Hadrosaurs in south Jersey, T-Rexes and Trikes in the Dakotas, Mosasaurs in the Netherlands, lots of places. To be preserved they had to be buried rather soon after death; to be found the overlying layers had to have worn away or digging had to have uncovered them. Marl pits in south Jersey are a good example; marl was mined as a source of potash.
The book was Abominable Snowmen: Legend Come to Life. A great read about worldwide Squatch varieties.
Thanks - I wasn’t aware of that one.
For a lot longer than 50 years:
https://bigfootsightings.org/theodore-roosevelts-bigfoot-story/
(What it actually IS is another question.)
This topic was posted , thanks nickcarraway. And thanks JimRed for pointing out the obvious in response to a trope, but trope regurgitators can't be reasoned with.

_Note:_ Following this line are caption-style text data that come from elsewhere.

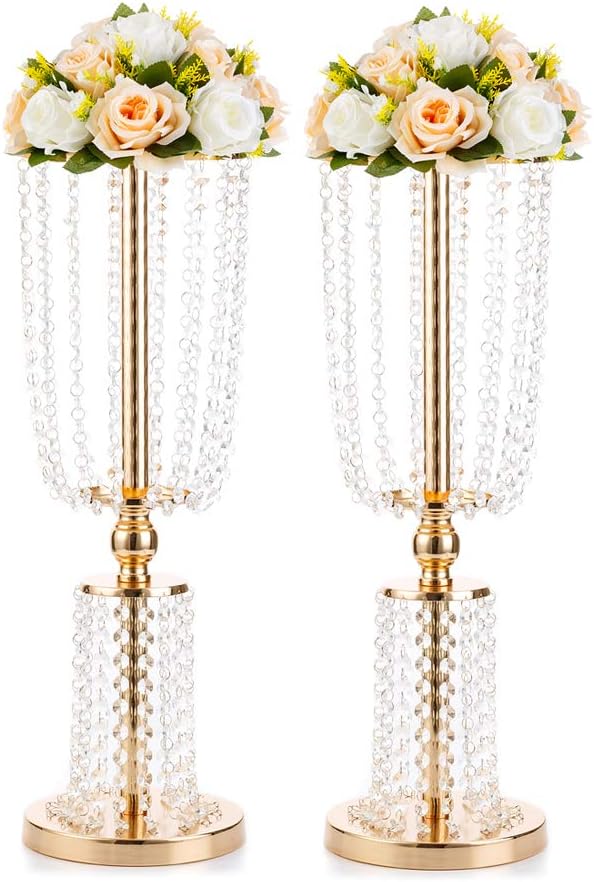 2 Pcs 23.75 inches Gold Vases for Centerpieces Tall Crystal Metal Vase Flower Stand Holders Wedding Centerpiece Chandelier for Reception Tables Wedding Supplies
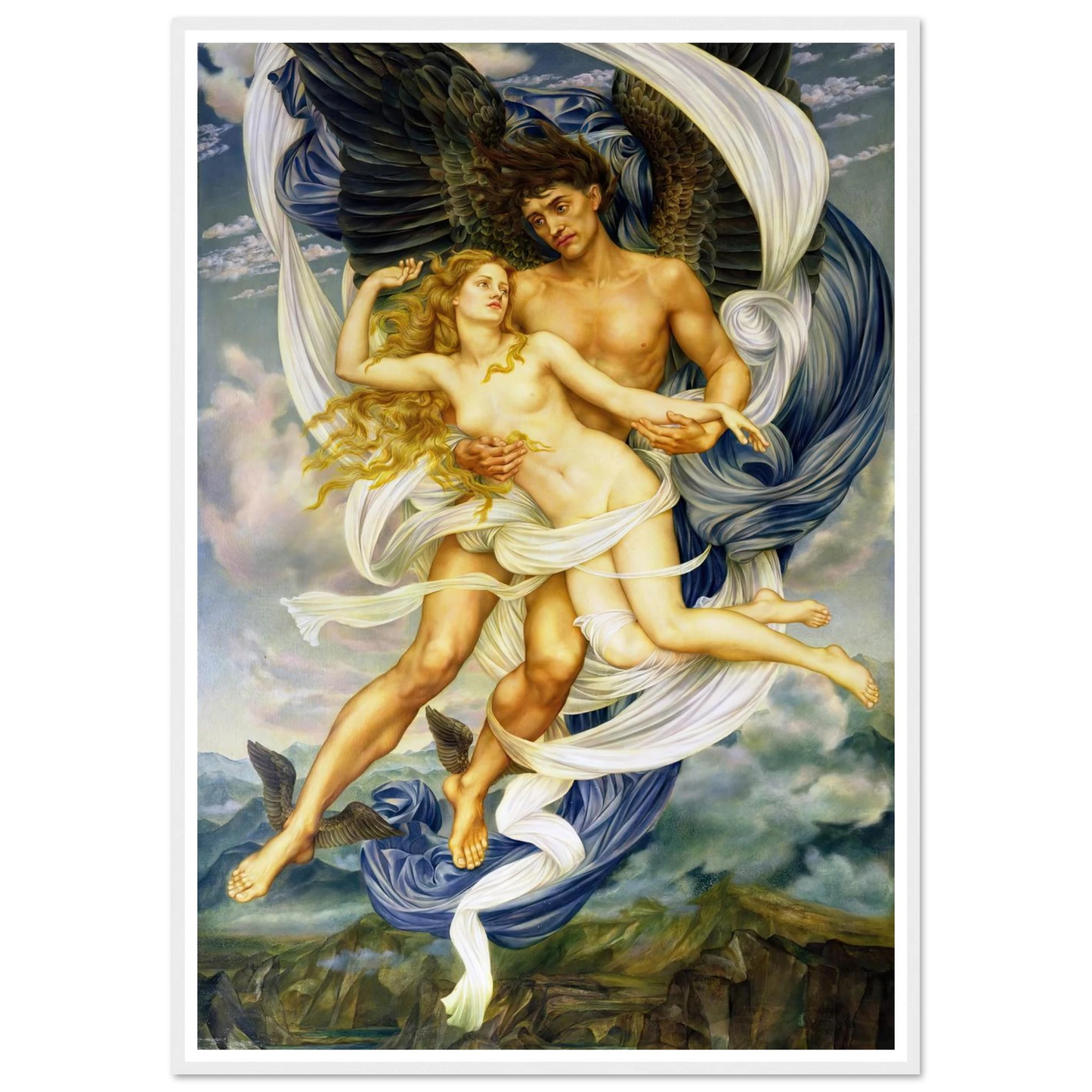 Boreas and Oreithyia (circa 1896) Art Print | Evelyn de Morgan-Quipham Collections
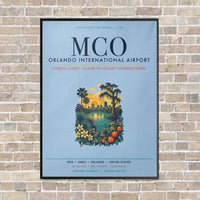 Thumbnail for Orlando International Airport MCO vertical canvas print - framed - light blue background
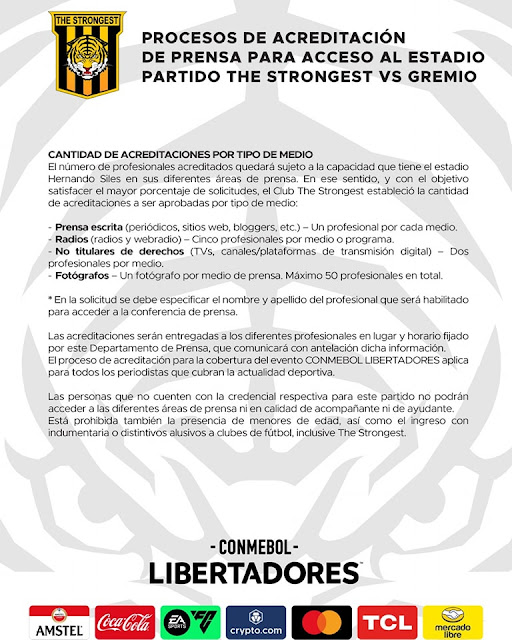 The Strongest Procesos de Acreditación de Prensa para acceso al Estadio The Strongest vs Gremio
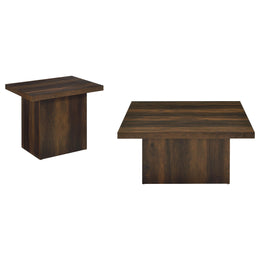 Devar Square Coffee and End Table Set Dark Pine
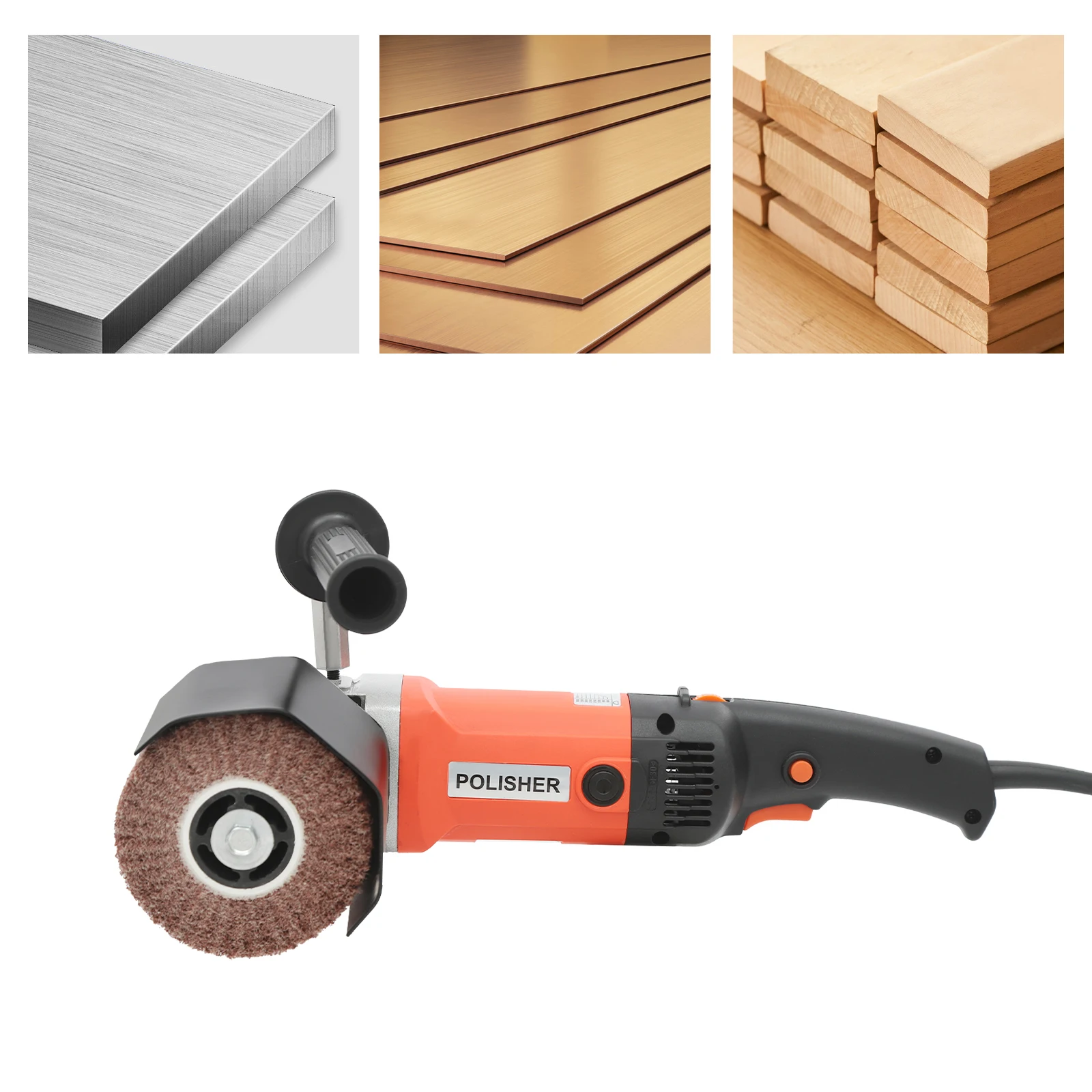 

1400W Handheld Polisher Adjustable Speed 600-3600RPM All Copper Motor Ergonomic Design for Wood Metal Stone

One of my guilty pleasures has been watching the program :Finding Bigfoot” on the Animal Planet channel: “We interviewed a witness who saw a Sasquatch walk by this spot five years ago. As a result, we’re going to camp here for one night in this one particular spot in this 300,000 acre forest in the hope that he’ll come by again.”
“exponential growth in high quality digital cameras in the last 20 years would have given us something newer and better”
Well, I had a high speed Canon DLSR camera and came across an all-fours print in what used to be shallow water but was dried up. From toes to shins, knees, elbows, forearms and palms. Now, who would go barefoot into a shallow pond, get down on all fours and ostensibly drink the water? I took a couple pictures. Went home and transferred them to my computer. When I opened them up they were all-white. A picture, but total white, no nothing. Never happened before or since with that or any other digital camera of mine.
Disclaimer: Opinions posted on Free Republic are those of the individual posters and do not necessarily represent the opinion of Free Republic or its management. All materials posted herein are protected by copyright law and the exemption for fair use of copyrighted works.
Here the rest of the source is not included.